Rather, Netanyahu said, the IDF would transfer to the committee the summaries of the IDF’s own operational investigation, which is being chaired by Maj.-Gen. (ret.) Giora Eiland.
“The second principle that guided us is providing a credible and convincing response to the responsible countries in the international community about the events, especially in the context of international law,” Netanyahu said. “I am convinced that the commission’s uncovering of the facts will prove that the goals and actions of Israel and the IDF were appropriate defensive actions in accordance with the highest international standards.”
Netanyahu, who told the cabinet that he had spoken about the committee’s formation with British Prime Minister David Cameron, German Chancellor Angela Merkel and Spanish Prime Minister Jose Luis Rodriguez Zapatero, said he believed the cabinet’s decision “will make it clear to the entire world that Israel acts according to law, transparently, and with full responsibility.”
Officials in the Prime Minister’s Office dismissed criticism of the advanced age of the Israeli committee members, saying they were all “lucid” and experts in their respective fields.

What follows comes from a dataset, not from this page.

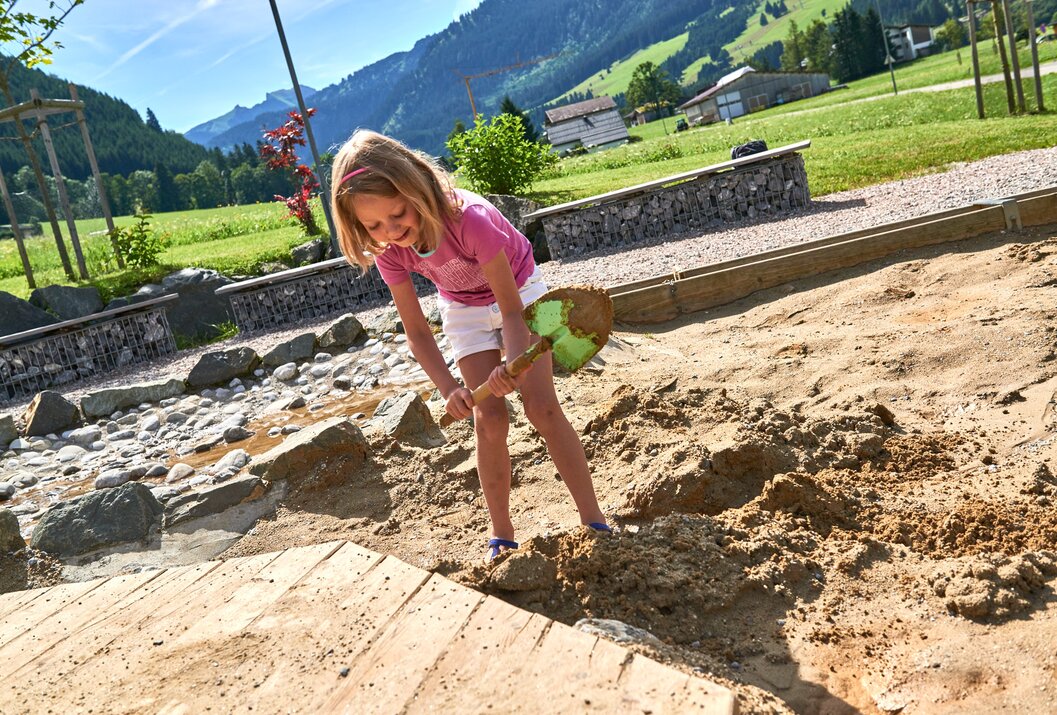 Mädchen schaufelt Sand auf einem Spielplatz vor Bergkulisse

The EU foreign ministers, who held their monthly meeting in Luxembourg Monday, issued a statement afterward that did not relate directly to the committee, but which said the EU wanted to see a an “immediate, full and impartial inquiry into these events and the circumstances surrounding them.”
To command the confidence of the international community, the statement
said, “this should include credible international participation.”

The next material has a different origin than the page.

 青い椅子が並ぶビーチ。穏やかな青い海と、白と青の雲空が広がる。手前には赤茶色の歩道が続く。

The statement, which one Israeli official described as a “dour-faced
endorsement” of the committee Israel had set up, also called for a
fundamental change in Israel’s blockade policy.
One EU official said that there was a great deal of concern in European
capitals over the tension between Israel and Turkey – something the
Europeans feel will only increase instability in the region – and that
the Europeans would have liked to see Israel go further toward the
Turkish demand for an international investigation. In the end, both
European and Israeli officials said, it was likely that the Europeans
would follow the American lead on the matter.
One official said that the reason Trimble was given a spot on the
committee was to give voice to Israel’s realization that there was an
international component to the episode, since so many foreign nationals
were on the boat. The Canadian representative was selected, the
official said, because Canada is widely viewed as an impartial country.
New British Foreign Secretary William Hague said the investigation was
“an important step forward,” and welcomed the involvement of Trimble.
The Foreign Office issued a statement welcoming the “international
membership and broad mandate.”
However, the statement said that “we will await the conduct and
findings of the commission before drawing further conclusions. What is
important now is that the inquiry is able to proceed swiftly,
transparently and rigorously.”
Jonny Paul contributed to this report.